By Jon Wilkin
St Helens back row
I suppose people reading this will be expecting a list of excuses and mitigating circumstances for our defeat at Wakefield last Sunday.
I could list reasons but in all honesty we produced a very poor second-half performance and were punished by a very potent offensive display from the Wildcats.
It has amused me, though, how quickly we have been written off and how people can paint the picture that we are a club in crisis.
Apart from orders to wear black to training, a compulsory diet of bread and water and a strict laughter ban, not much has changed internally!
It has been frustrating for me personally to watch the lads struggling
The truth is we thoroughly review the performance of the team and the individuals after victory or defeat.
And if we lose, our attitude and mood in training does not change.
We always maintain high standards, but we still enjoy each other's company - and laughter and fun are a big part of what we do.
It has been frustrating for me personally to watch the lads struggling during my two-game suspension, and I feel a slight amount of guilt about not being able to help them out in any way.
It's always hard watching something you have invested so much emotion in and not being able to influence the result.
But it's not only me who has been frustrated. We have had an unlucky run of injuries and it seems a lot of players have been fidgeting in the stands.
The stand is a really uncomfortable place for a rugby league player to be.
It is like waiting for a woman to try on clothes in a shop.
The walls start closing in and you experience cold sweats and an uncontrollable urge to run away!
At least none of the directors asked me if they 'looked nice' or if the suit they were wearing made them 'look big'.
A rugby player's home is on the pitch on match day, in the mud and cold with the rest of the team.
For some reason I have started reminiscing about how the game used to be.
How we were: Kelvin Coslett lifts the Challenge Cup for Saints in 1972
It must be the cold and wet conditions reminding me of days when winter rugby was all the rage.

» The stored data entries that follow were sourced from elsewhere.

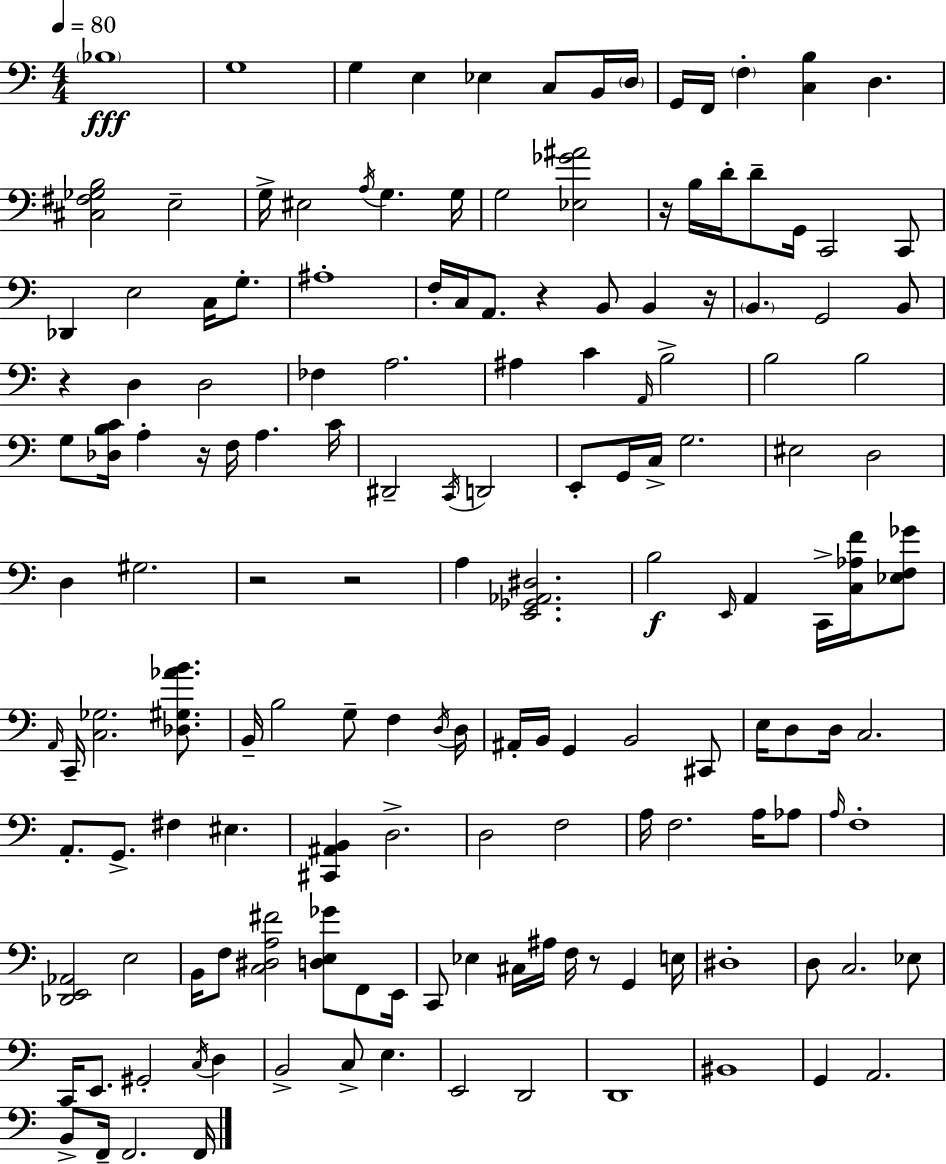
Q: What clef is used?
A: bass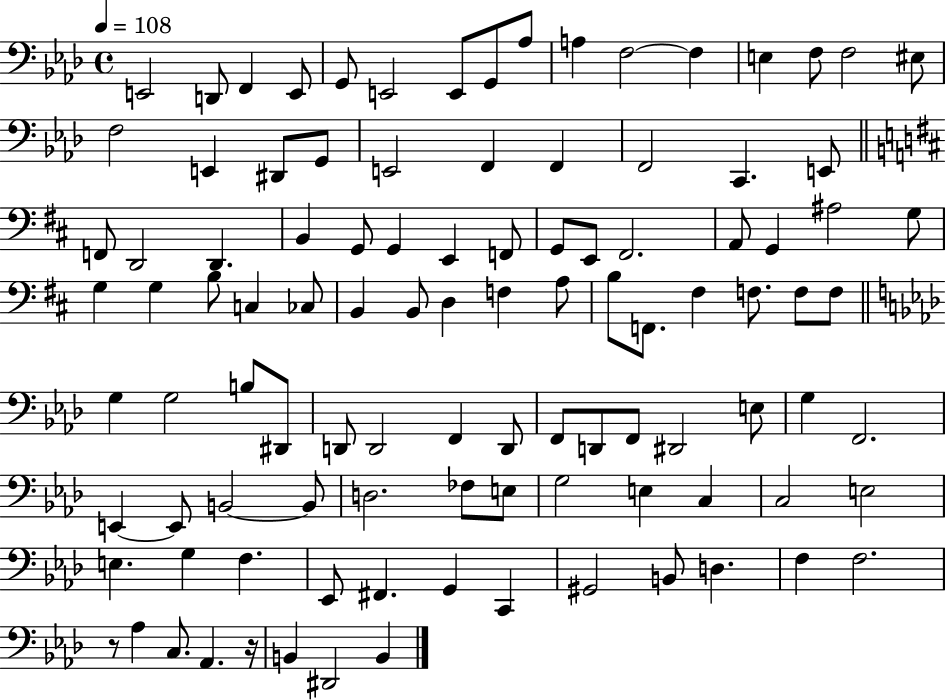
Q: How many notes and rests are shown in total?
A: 104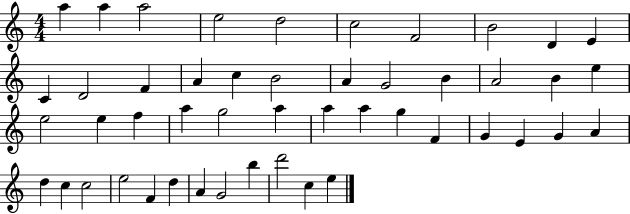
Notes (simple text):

A5/q A5/q A5/h E5/h D5/h C5/h F4/h B4/h D4/q E4/q C4/q D4/h F4/q A4/q C5/q B4/h A4/q G4/h B4/q A4/h B4/q E5/q E5/h E5/q F5/q A5/q G5/h A5/q A5/q A5/q G5/q F4/q G4/q E4/q G4/q A4/q D5/q C5/q C5/h E5/h F4/q D5/q A4/q G4/h B5/q D6/h C5/q E5/q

An era when the players were really tough blokes, and things such as extra grip on a ball, strapping tape, sports supplements and physiotherapy were all distant dreams of what life could be like.
And as for television replays allowing the officials to make the right decisions, pure luxury!
Maybe we get spoilt as modern players.
We often use conditions as an excuse, but great players of old tossed the pigskin around in the mud and rain, wearing heavy boots and getting little support from referees.
The stiff arm used to be a legitimate technique to fell your opponent and the occasional off-the-ball right hook to the head was deemed worthy of just a penalty to the opposition.
The modern game has changed in some ways, and for the better, but in other ways I like the old-fashioned, less complicated version.
I could sit and talk with the game's characters for hours.
Kel Coslett, a true legend at Saints, is currently football manager at the club, which means he is the link between the board and the players.
Kel used to work for a large brewery in St Helens while he played, delivering barrels to hundreds of pubs and clubs before going training in the night.
It amazes me how he and others managed it, but I suppose a lot of the weight training we do now was done via manual labour achieved in the work place.
It makes me laugh whenever I ask Kel for directions.
We are not only representing the club and ourselves but also the league and our country
It generally goes like this: "You go left at the Dog and Duck, straight past the Golden Lion Bear, right at The Swan, then take your second left after The Griffin Inn, cracking Sunday lunch there!"
He is like a human A to Z of public houses.
Kel and players of his era, the likes of Geoff Pimblett, Roger Millward, John Atkinson and Malcolm Reilly, are truly great athletes.
There are so many I could carry on forever.
Brisbane Broncos are another team full of great players, and on Friday night we will try to put our poor Super League form behind us when we meet them in the World Club Challenge.
It should be a fantastic occasion and a memorable one, too.
We are not only representing the club and ourselves but also the league and our country.
I cannot wait for the game and the lads who have won it before tell me it is a true highlight of their distinguished careers.
It's always good to test yourself against the best, and that is what we will be doing in Bolton.
Any neutrals, please come and cheer us on. Your support will be greatly appreciated.